Mirror of Justice

A blog dedicated to the development of Catholic legal theory.
Affiliated with the Program on Church, State & Society at Notre Dame Law School.

Tuesday, April 26, 2005

More on Law Schools and Catholic Universities

Another correspondent takes a break from studying for exams and writes, in response to my question "about the place of a law school in a university, particularly in a Catholic university that aspires to be 'great'":

The correspondent whom you have already posted makes good points and I agree with them.

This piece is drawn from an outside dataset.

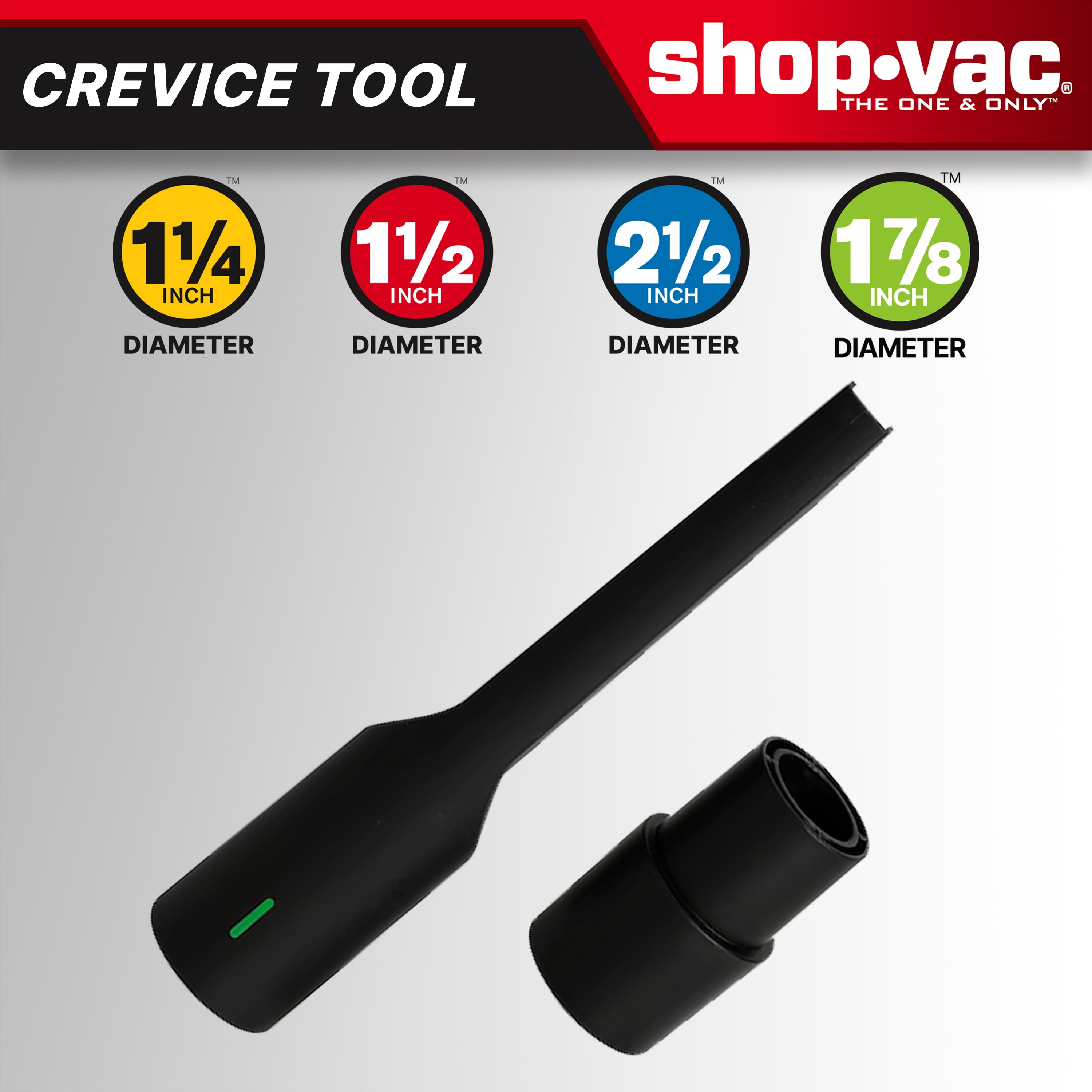 Shop-Vac Universal 1-7/8" Crevice Tool (w/Adapter)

I would add to them at least two points:

1)  Catholics disproportionately tend to enter into "professional" programs after graduation, rather than, say, PhD programs (at least the statistics used to say so).  Thus, there ought to be top flight JD & MBA programs at Catholic universities because we know that this is where our students are headed and we ought to provide a Catholic context for those pursuits; this in particular because of . . .

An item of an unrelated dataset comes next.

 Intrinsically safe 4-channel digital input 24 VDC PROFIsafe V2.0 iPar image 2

2)  The Universal Call to Holiness.  "The followers of Christ, called by God not for what they had done but by his design and grace, and justified in the Lord Jesus, have been made sons and daughters of God by the Baptism of faith and partakers of the divine nature, and so are truly sanctified.  They must therefore hold on to and perfect in their lives that holiness which they have received from God." (LG 40)  "The forms and tasks of life are many but there is one holiness, which is cultivated bay all who are led by God's Spirit and, obeying the Father's voice and adoring God the Father in spirit and in truth, follow Christ, poor and humble in carrying his cross, that they may deserve to be sharers in his glory.  All however, according to their own gifts and duties must steadfastly advance along the way of a living faith, which arouses hope and works through love." (LG 41)  These words of Lumen Gentium suggest that the Christian life is meant to be lived, of course, not merely or even primarily within the walls of the chapel or church.  Rather, the sacred mysteries we celebrate their, while the summit of our communion in Christ, are also meant to be the source of our Christian living.  When we gather in prayer we arrive as Christians and leave as Christians.  And therefore Christians we must be in the say, 100 hours of work in a tough week at Cravath, Swaine, and Moore.  Indeed, if we find there to be an irreconcilable conflict between our work and our Christianity, we must be prepared to make the courageous choice to reform or abandon the former in order to cling to the latter.  Lawyers, however unfairly derided en masse as a professional class, do certainly face extraordinary pressures and temptations to choose the expedient over the virtuous. 

And this is so not simply in the well known ethical dilemmas that are the stuff of legal ethics curricula and debates.  Much more fundamentally, the role of lawyers and law in society should be pondered at Catholic schools, shaped by Catholic lawyers in their work, and ultimately therefore sanctified by the presence of the Church, and so many of her best and brightest, in this profession.